Welcome to CWE! You may want to ask your Dr. to do a Spect and Pet scan on you they show a lot more detail as to
what is going on in a persons brain and a video e.e.g. wouldn't be a bad idea either.
If I may ask did you have a headache after the possible seizure and were you really tired? This often happens to me
after I've had a seizure and I want to sleep for about 2 hours.
My best advice to you is to write down on a calendar what time these possible seizures happen and describe them
often when a woman is going through her month cycle or her change the seizures can increase or decrease do to hormones
changing.
You may want to ask your family Dr. to refer you to see an Epileptologist which is a Dr. who specializes in epilepsy this
is where I got the most help and my Dr. found out that I had damage so deep in my brain that not a single test showed
anything and it wasn't until I had surgery to reduce the seizures that they found all the brain damage. Yes, heart problems
can sometimes cause seizures so you are playing it smart seeing a Dr. about that.
I wish you the best of luck and May God Bless You,

Sue
 
Hi Shelley, welcome!

The first few weeks or months after a possible seizure can be the most confusing ones in some ways.
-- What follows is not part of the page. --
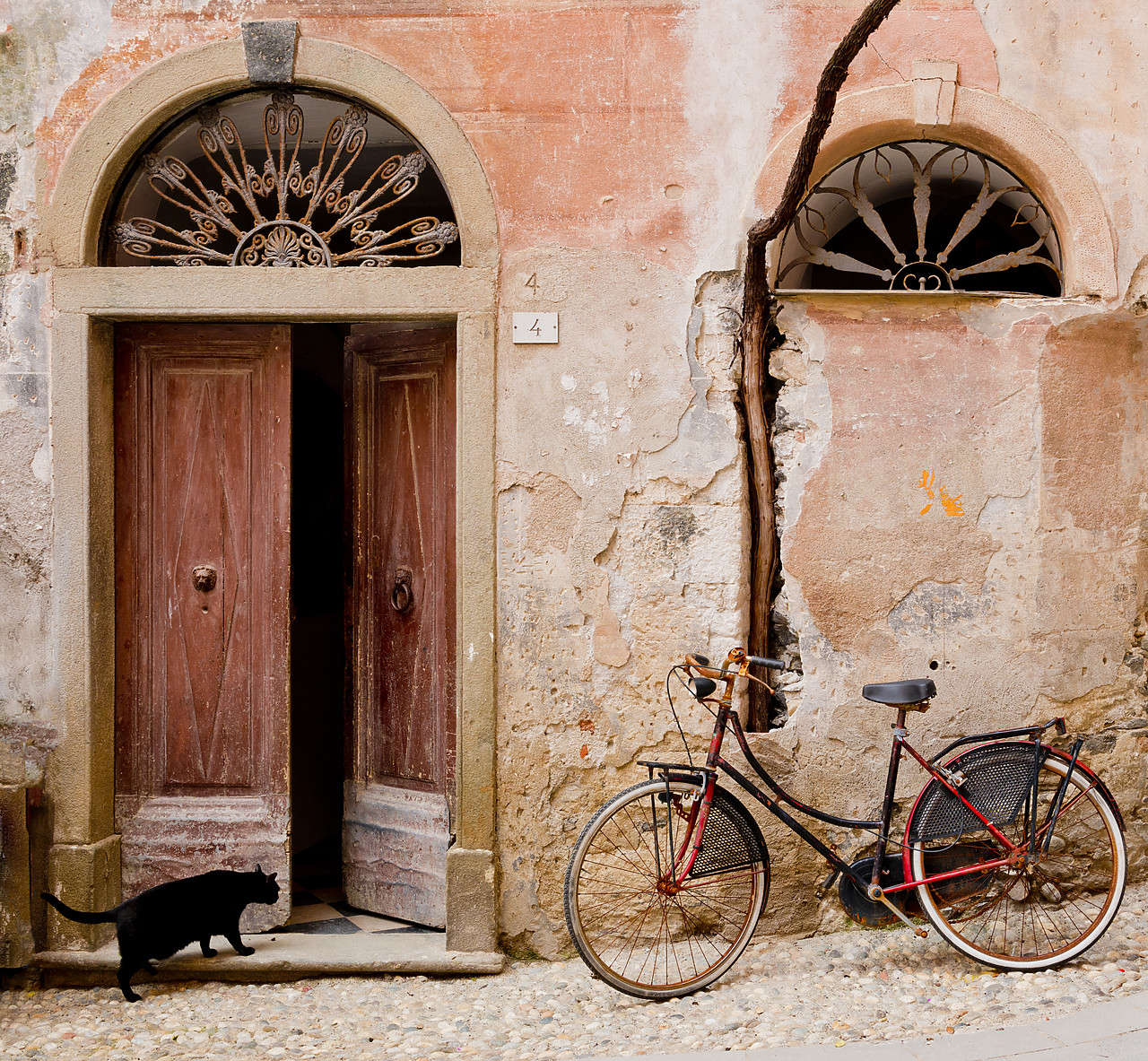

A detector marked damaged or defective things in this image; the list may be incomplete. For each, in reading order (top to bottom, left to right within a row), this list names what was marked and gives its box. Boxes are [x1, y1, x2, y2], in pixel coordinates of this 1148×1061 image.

rusted metal [111, 90, 457, 269]
rusted metal [775, 140, 1062, 294]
You are struggling to understand why your brain is misbehaving, while your brain is misbehaving. I hope your docs can find out more about what's going on and what's causing it.

Heart problems don't usually cause seizures (it can be the other way around), but heart problems can sometimes cause seizure-like symptoms. Especially if you have a history of heart disease in your family, your doctors may test for something called "vasovagal syncope", a cardiac arrhythmia that can cause dizziness and fainting.
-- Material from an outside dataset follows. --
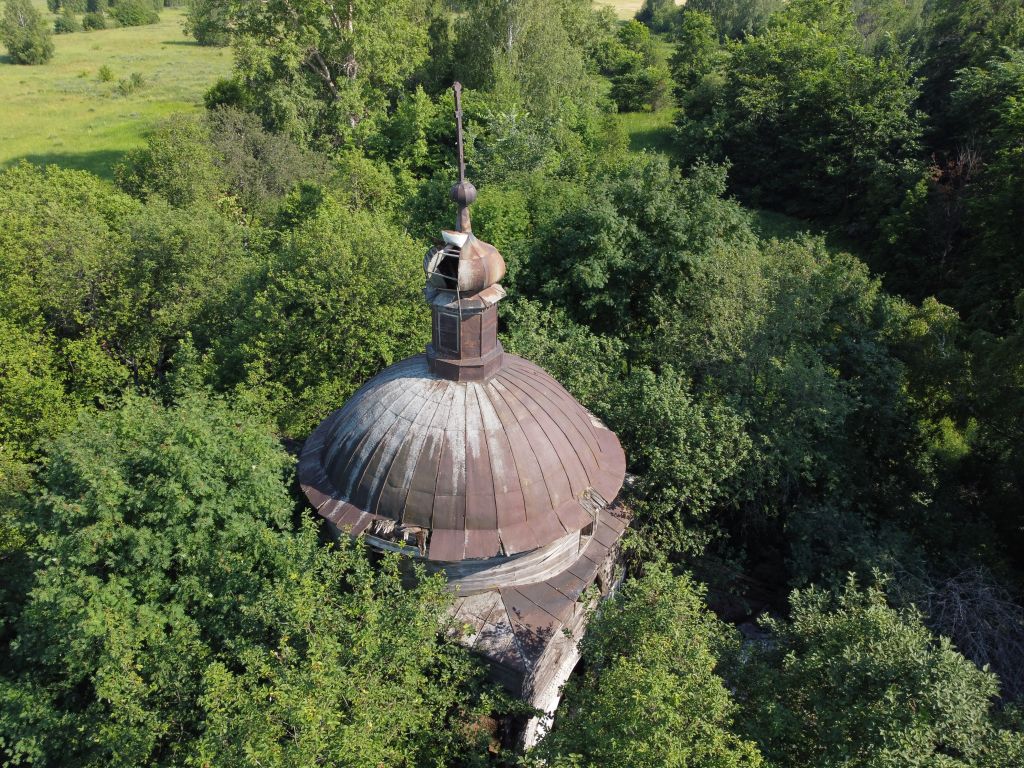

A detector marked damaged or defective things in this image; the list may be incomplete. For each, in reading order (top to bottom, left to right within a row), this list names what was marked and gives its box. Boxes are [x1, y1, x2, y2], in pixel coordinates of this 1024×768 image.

rusty metal dome roof [299, 354, 622, 561]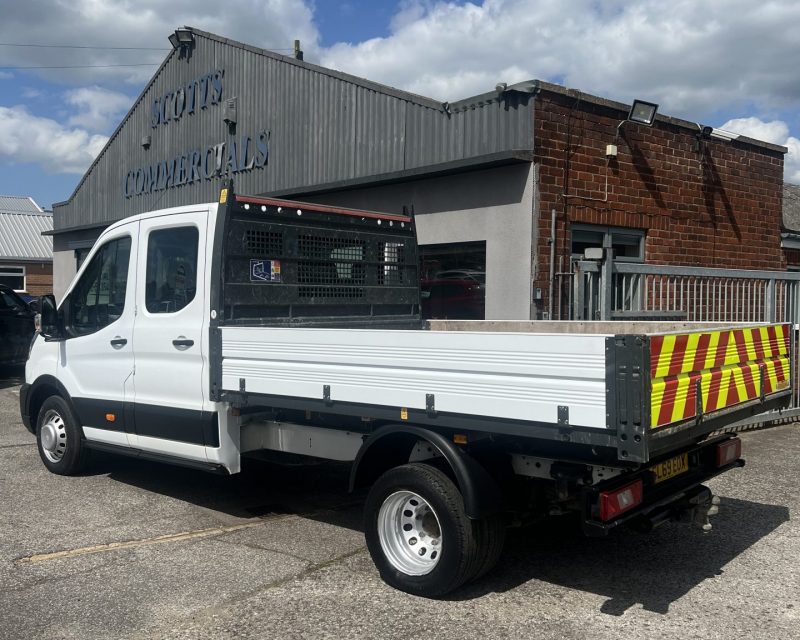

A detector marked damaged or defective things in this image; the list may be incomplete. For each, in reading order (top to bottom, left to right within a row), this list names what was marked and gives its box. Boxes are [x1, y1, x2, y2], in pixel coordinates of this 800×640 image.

cracked pavement [0, 364, 796, 640]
If heart issues are ruled out, your neurologist will consider your symptoms and other test results to try to confirm or dismiss an epilepsy diagnosis. An abnormal EEG is usually the standard for confirming epilepsy but, as Sue mentions, it doesn't always provide enough data. That's one reason why tracking your symptoms -- dizziness and any other odd episodes -- can be helpful. A trained epileptologist can often make an epilepsy diagnosis based on symptoms alone.

Your current sensations of breathing difficulties could be caused by anxiety or stress -- but they could also be a kind of seizure! Often epilepsy takes the form of "partial seizures" where you experience unusual physiological symptoms -- dizziness, anxiety, shortness of breath, feelings of dread or nausea, etc. If you were placed on anti-seizure drugs after your those could also be a potential cause.
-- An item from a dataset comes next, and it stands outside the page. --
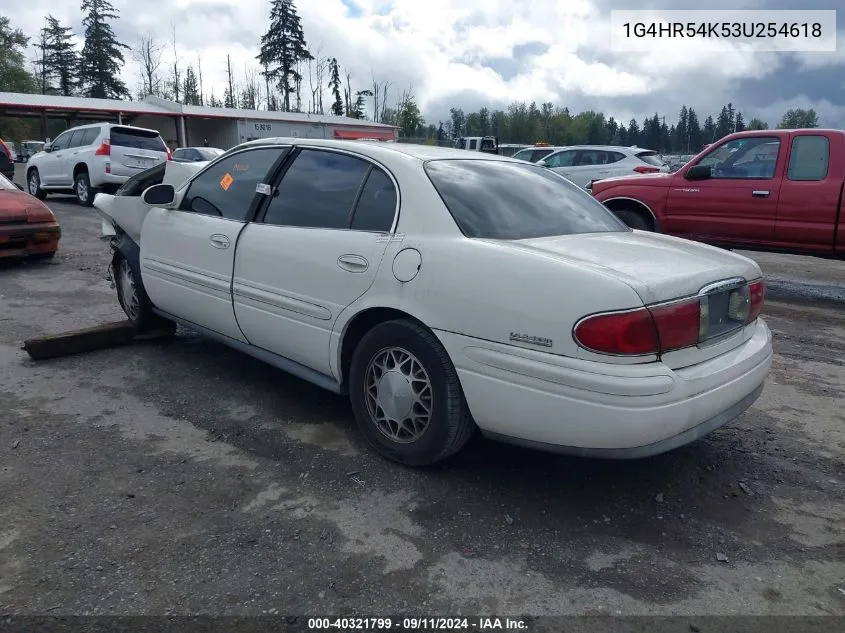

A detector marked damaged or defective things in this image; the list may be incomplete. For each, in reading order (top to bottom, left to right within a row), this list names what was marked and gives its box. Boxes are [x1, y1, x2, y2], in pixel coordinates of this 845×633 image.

exposed wheel well [600, 199, 660, 231]
damaged white car [92, 138, 772, 464]
exposed wheel well [340, 304, 426, 388]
Because epilepsy can have many forms that overlap with or mimic other conditions, the more information you can provide to the doctors, the better: Family histories of heart trouble, seizures, migraines. Any changes over the last year -- stress, diet, sleeping patterns, hormonal. Any and all unusual symptoms -- cognitive, visual, sensory -- as well as their context: Time of day/month, how long they last, how frequent, what form they take. Even if they seem unimportant!

It's also very important to bring a friend or family member with you to any appointments, especially someone who may have witnessed any episodes. Ask them to take notes during the visit -- it can be hard to remember when you are tired or stressed and are presented with a lot of information. Don't be afraid to ask questions, and if something seems unclear or confusing don't leave the appointment until you understand. Docs don't have all the answers, but they should communicate what they hope to determine with tests, what possible diagnoses might mean, what they can know for sure, what is still in doubt. It's a plus if you can email the doc with any follow-up questions. If the doc prescribes medications, make sure to ask about what to expect — what you might feel and how soon, how the medications work, possible side effects, contraindications, etc.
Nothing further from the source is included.